Web page caption snippets
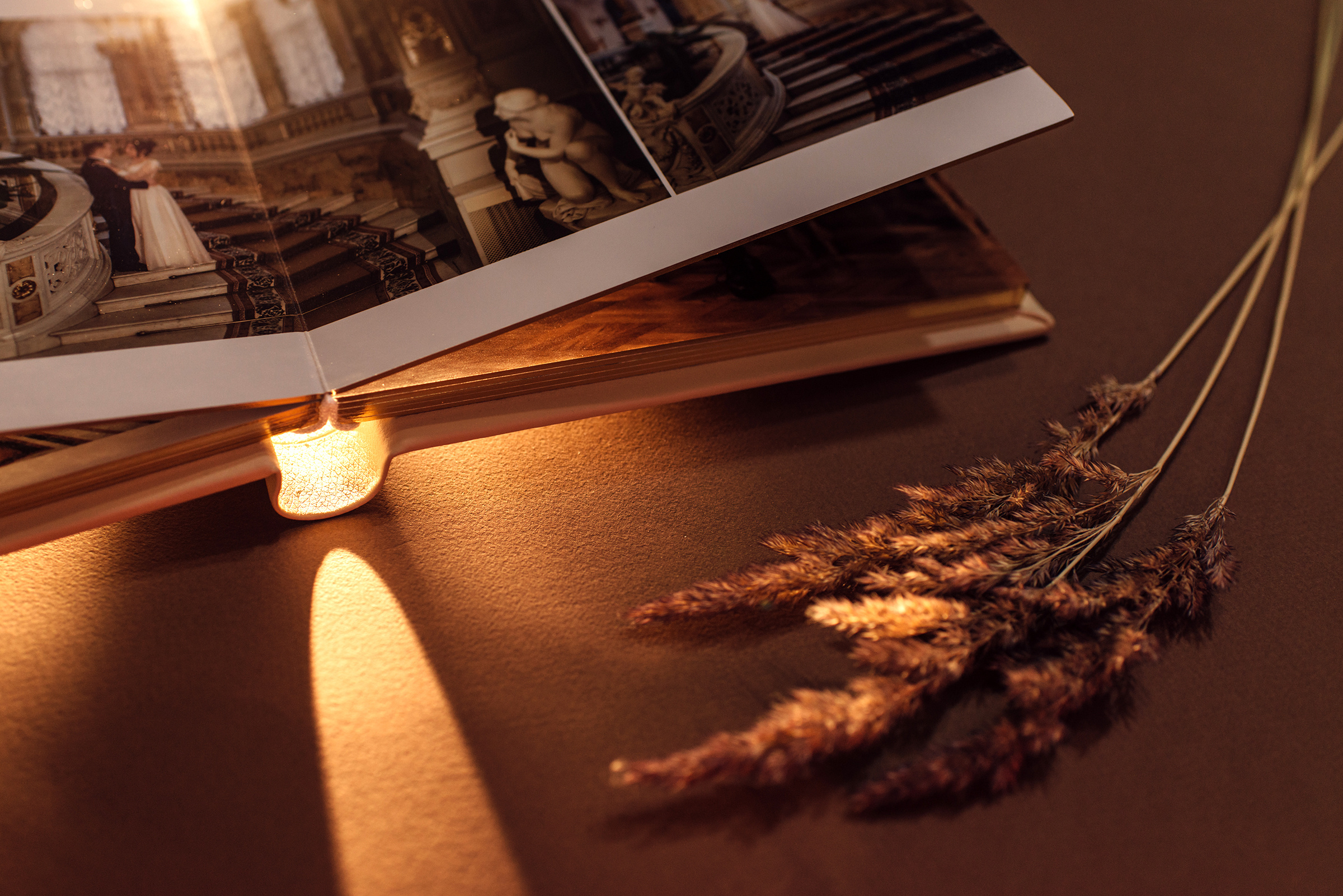 Заказать свадебную книгу в Санкт-Петербурге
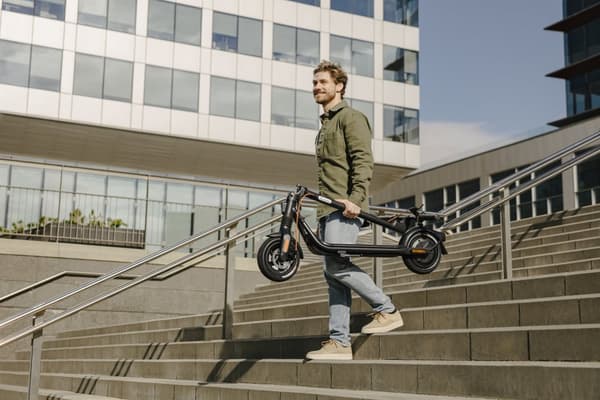 NINEBOT BY SEGWAY KICKSCOOTER F2 PLUS D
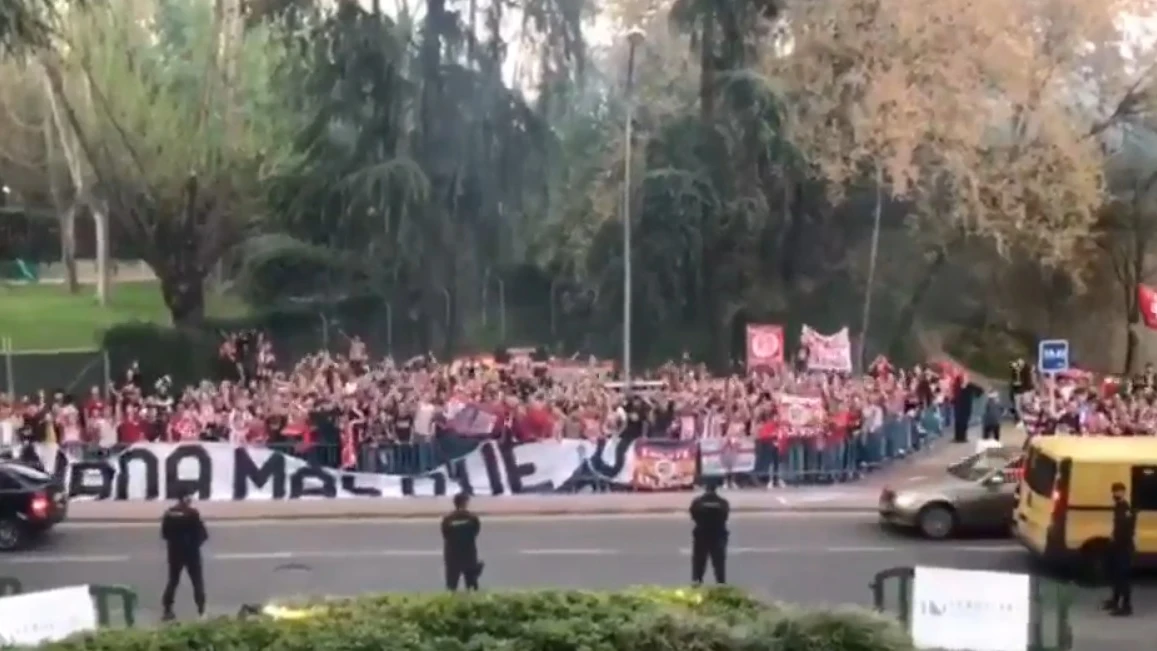La afici&oacute;n del Atleti anima fuera del hotel de concentraci&oacute;n del equipo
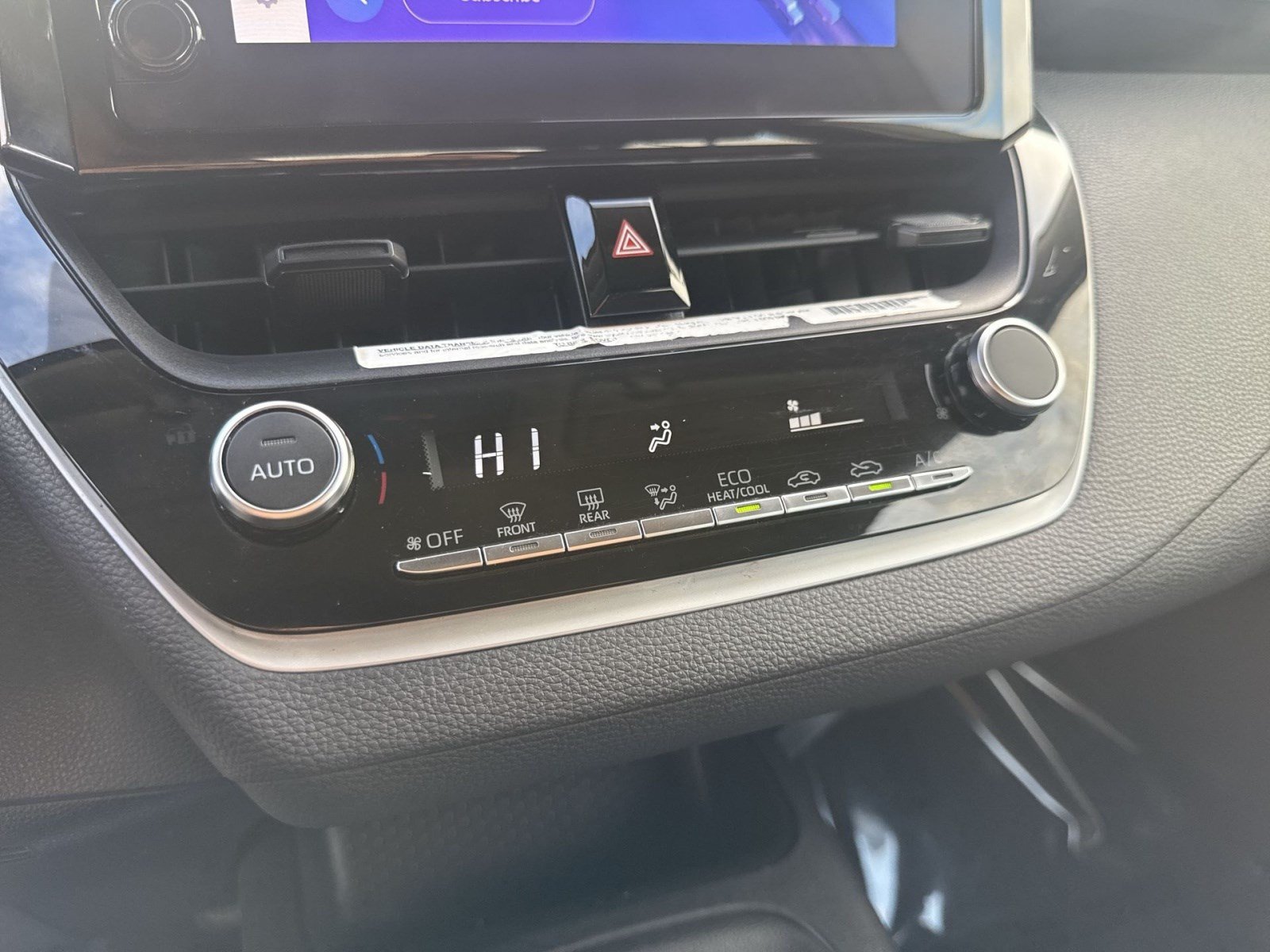 Used 2024 Toyota Corolla LE FWD image 17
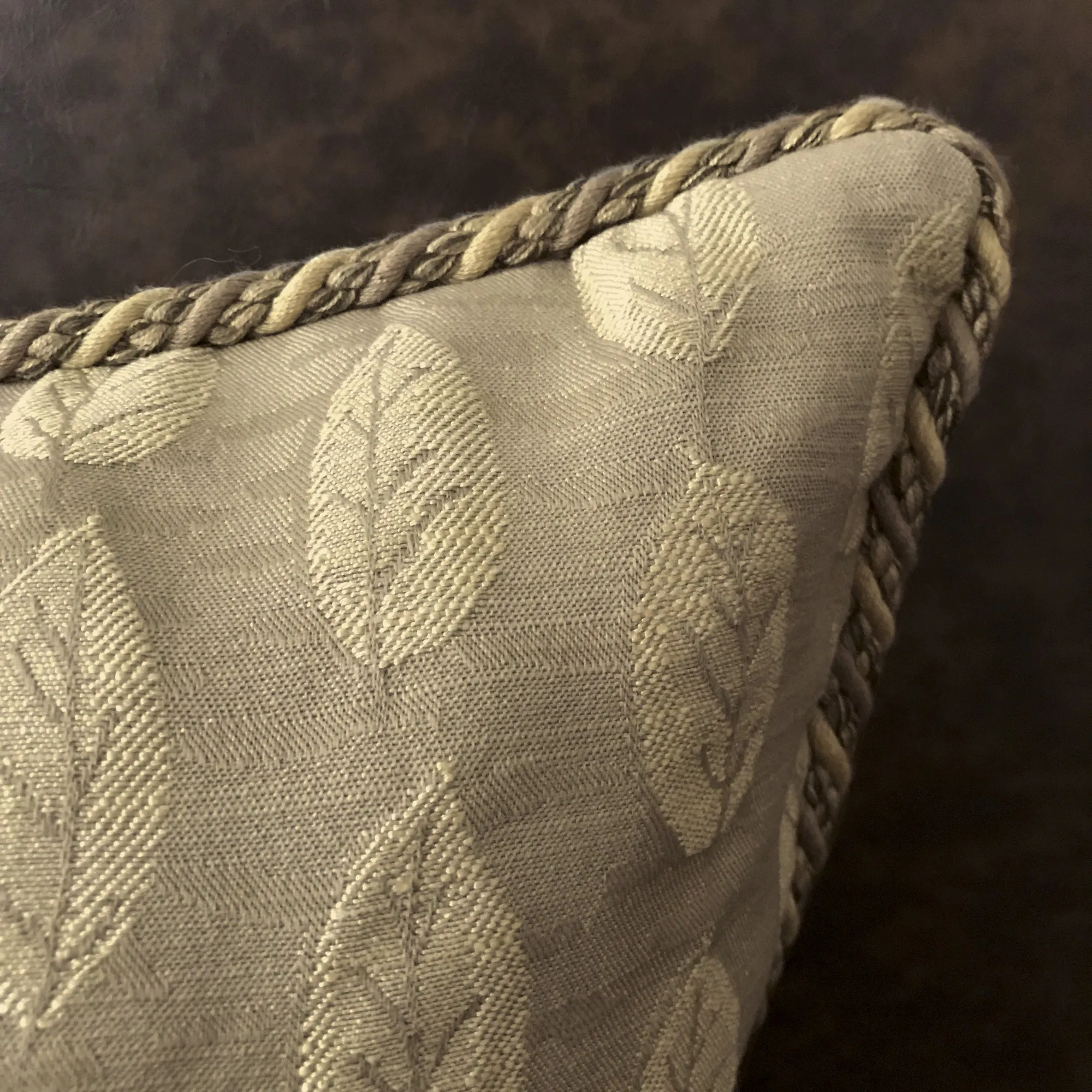 Lodge Woven Tan Leaf Lumbar Pillow Cover 15x26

▸ PROBLEM STATEMENT:
Your copy should repeat each entry above exactly but contain no pictures.

▸ SOLUTION TO THE PROBLEM:
 Заказать свадебную книгу в Санкт-Петербурге
 NINEBOT BY SEGWAY KICKSCOOTER F2 PLUS D
La afici&oacute;n del Atleti anima fuera del hotel de concentraci&oacute;n del equipo
 Used 2024 Toyota Corolla LE FWD image 17
 Lodge Woven Tan Leaf Lumbar Pillow Cover 15x26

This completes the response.